- The Washington Times - Thursday, December 27, 2018

ANALYSIS/OPINION:

The First Step Act, the legislation President Trump recently signed into law, is being heralded as a historic, long-awaited victory in the fight for criminal justice reform.

It’s a comprehensive package of reforms, and there will be more reforms in the future, considering every score of years or thereabout federal lawmakers push some comprehensive package to sway activists and lobbyists. Law and order, voting rights and education are frequent visitors.

Recall George W. Bush’s No Child Left Behind Act, whose lengthy accountability list opened the door for the status quo to take into account everything, including the schools’ slop sinks. Yet, no one was held accountable. Oh well.

Will the First Step Act — directed, produced and written by a bipartisan Congress and pin-up Kim Kardashian West — follow in similar footsteps?

Understand me, now. I ain’t judging Kim K’s motives to nudge the Donald and get an aging drug felon released from prison. After all, he had prepped us by pardoning heavyweight boxer Jack Johnson, who was imprisoned for cavorting with white women in 1921. Miscegenation was a big no-no back then, and perpetrators were hanged high.

Something seems amiss, though, with the first step in criminal justice reform. It’s annoying because the endeavor seems to have no end goal.

Lessening mandatory-minimum sentencing? Fine.

Giving judges more discretion? OK.

Making some requirements retroactive to allow for early release? No problem.

Now what?

Well, for one thing more inmates will be released into the community, and it has not been made clear whether the federal government and the people in those communities are prepared for the influx.
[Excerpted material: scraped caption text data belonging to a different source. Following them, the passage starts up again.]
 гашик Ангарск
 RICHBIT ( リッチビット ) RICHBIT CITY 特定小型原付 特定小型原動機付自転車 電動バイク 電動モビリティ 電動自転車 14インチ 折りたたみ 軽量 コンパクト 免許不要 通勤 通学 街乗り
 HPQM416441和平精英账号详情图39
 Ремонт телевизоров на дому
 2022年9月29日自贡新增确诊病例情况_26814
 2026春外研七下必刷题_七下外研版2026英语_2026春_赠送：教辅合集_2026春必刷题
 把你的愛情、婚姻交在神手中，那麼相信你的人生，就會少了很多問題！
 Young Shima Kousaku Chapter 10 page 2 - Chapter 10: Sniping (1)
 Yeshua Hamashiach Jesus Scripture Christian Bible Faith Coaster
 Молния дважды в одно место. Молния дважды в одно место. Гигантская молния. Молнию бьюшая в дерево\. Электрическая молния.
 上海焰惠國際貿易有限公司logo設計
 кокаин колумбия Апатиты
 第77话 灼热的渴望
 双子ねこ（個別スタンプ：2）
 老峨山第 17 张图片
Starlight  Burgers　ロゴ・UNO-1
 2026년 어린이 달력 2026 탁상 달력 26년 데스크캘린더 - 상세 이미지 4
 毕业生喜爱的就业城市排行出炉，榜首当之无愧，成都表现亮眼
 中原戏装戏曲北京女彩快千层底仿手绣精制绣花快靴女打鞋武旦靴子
I mean, look at the southern border. Federal, state and local authorities knew beforehand that thousands were headed our way. Congress knew, too, yet they expect us to grin and bear it.

For another also on the legal side of the equation, everybody who practices law, including people like Democratic Sen. Cory Booker of New Jersey, need to bone up on the very laws they approve. Again, what is the end goal?

The No. 1 purpose of a criminal justice system is law and order. That is, catch the bad guys and bring them to justice. Protect society. Rehab the bad actors.

America is pretty darn good when it comes to catching bad guys. After that, the cracks for them to fall into seem to grow wider after they are released. We’ve coined a term for them: repeat offenders.

What’s being done to discourage repeat offenders? Costlier government spending? Cottage-industry growth for organizations that give themselves names like Brighter Beginnings?

The lawsuits that led to the U.S. Supreme Court’s landmark ruling in Brown v. the Board of Education had public school desegregation as an end goal.

The civil rights movement had ending racial discrimination at its heart.

What follows the First Step Act? The Second Step Act? Prison reform? Halfway house reform?

Oh, and on that category there’s much chatter about how governments can aid returning citizens. How returning citizens can aid themselves, however, not so much.

They may need to be re-educated before returning to the workforce. Public schools aren’t doing a great job as it is. So here they go again.

Former Attorney General Jeff Sessions was a law-and-order guy, and that type of guy doesn’t look puppy-eyed when another guy, including one who may be in the White House, tells him to have a heart and let those people go. And I ain’t mad at Mr. Sessions.

We should be concerned, however, that floodgates are opening and no one in leadership — not Mr. Trump, Chuck Schumer or Nancy Pelosi — has grabbed a microphone, stood before the cameras and explained what the next step is and what the endgame is.

Heck, with a different issue and a different Congress, it’s merely déjà vu all over again.